Major-General HALLECK:

I deem it of the greatest importance that post-offices and post-masters be re-established throughout this State as soon as possible. If you approve, will you please bring the matter to the attention of the Postmaster-General?




Greensborough, N. C., May 13, 1865.

Lieutenant Colonel J. A. CAMPBELL,

Assistant Adjutant-General, Department of North Carolina:

SIR: I have the honor to recommend to the commanding general that the application heretofore made to the War Department for the promotion of Colonel S. A. Strickland, Fiftieth Ohio Volunteers, commanding Third Brigade, Second Division, of this corps, be renewed. Colonel Strickland is not only one of our oldest brigade commanders, but the very honorable part he bore during the whole of last year in the campaign of Atlanta and of Nashville fully entitled him to the advancement which was at least twice recommended on his behalf.
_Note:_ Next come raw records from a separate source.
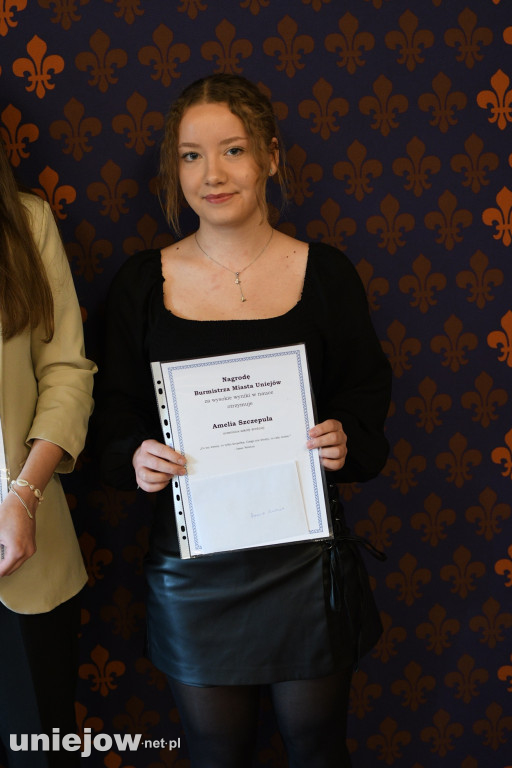 Nagrody burmistrza Uniejowa wręczone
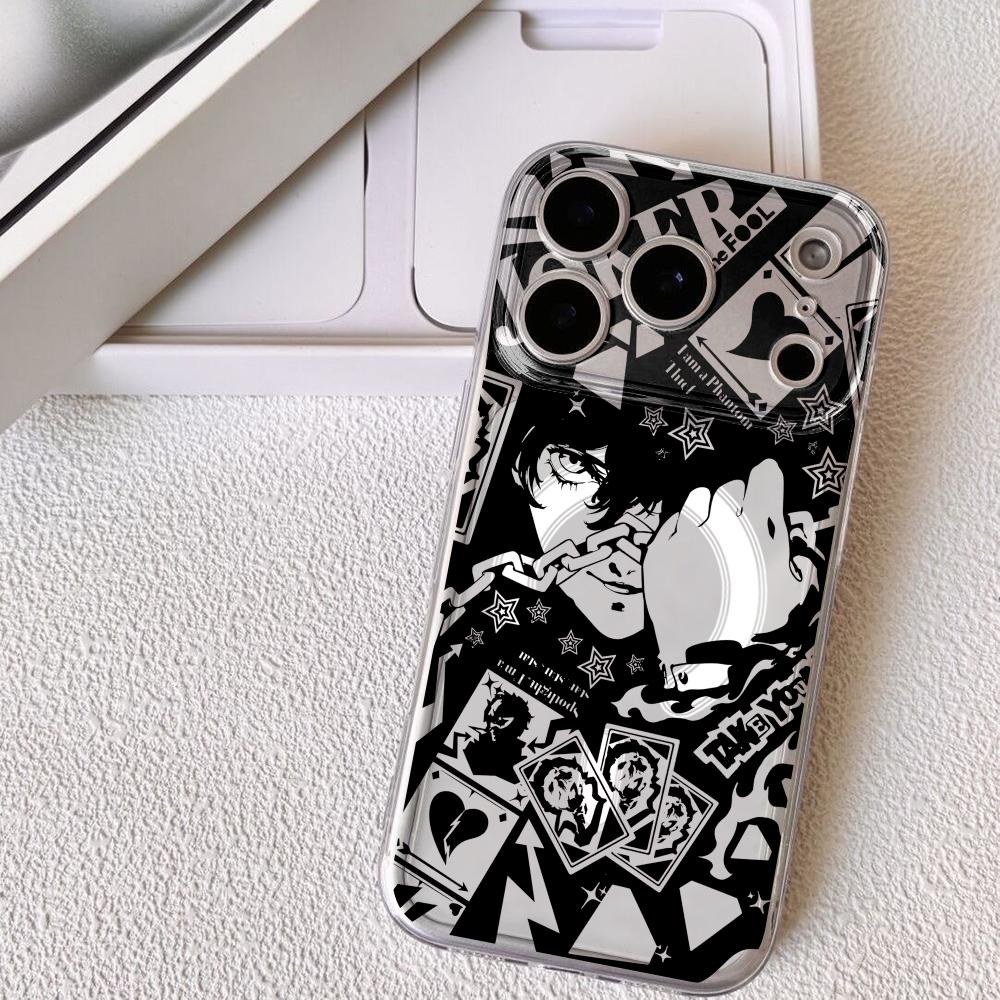 Game P-Persona 5 Phone Case Ma - Magnetic Phone Case ulasan dan harga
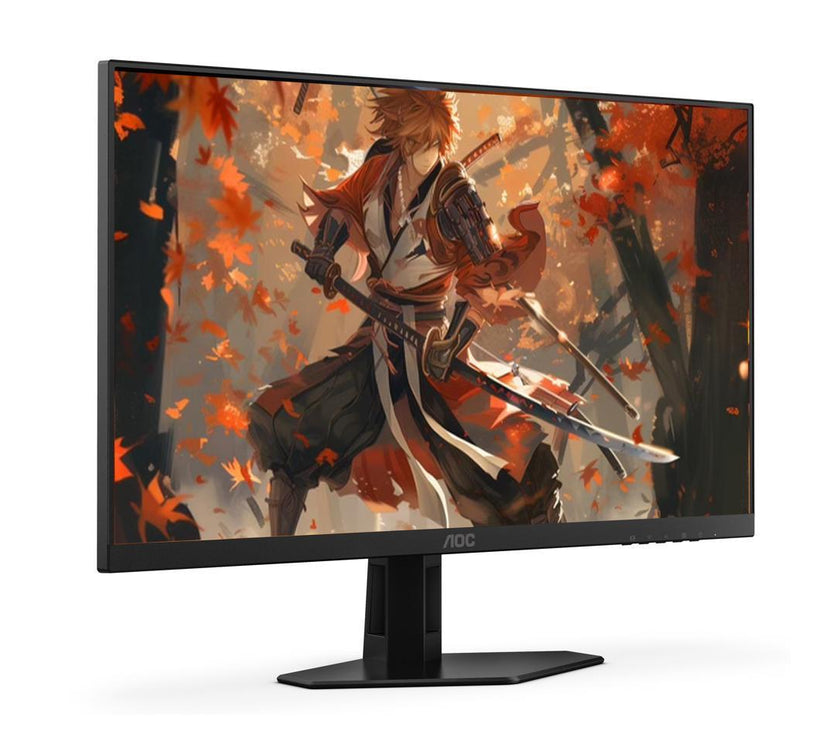 AOC Q27G4XNE 27" Widescreen Gaming Monitor - QHD 2560x1440, 180 Hz, 0.5 ms MPRT, Adaptive Sync, VA Panel, HDR Ready, 16:9 Aspect Ratio, Flicker-Free, VESA Mount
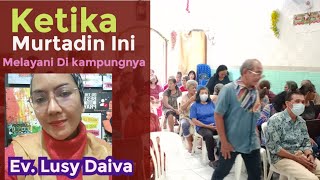 Ketika Lusy Daiva Datang Melayani Di Kampungnya Tanjung Priuk [upl. by Urba]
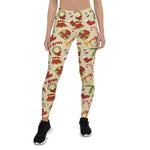 Scotstee Shop - Christmas Bells Tree and Santa Claus Gift Xmas Women's Leggings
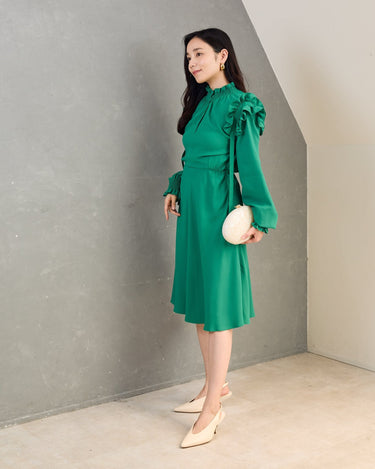 Tod's（トッズ）のドレス結婚式やパーティーにぴったりのレンタルアイテム。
My own impression was strong that an accidental omission or oversight must have been the cause of his not receiving promotion at the same time with several other brigade commanders of the corps. The recent resignation of General's Reilly and Casement afford the opportunity of recognizing the merits of Colonel Strickland before he shall leave the service, and I feel that I should not do my duty to a deserving officer if I did not again urge attention to his faithful and uncomplaining services.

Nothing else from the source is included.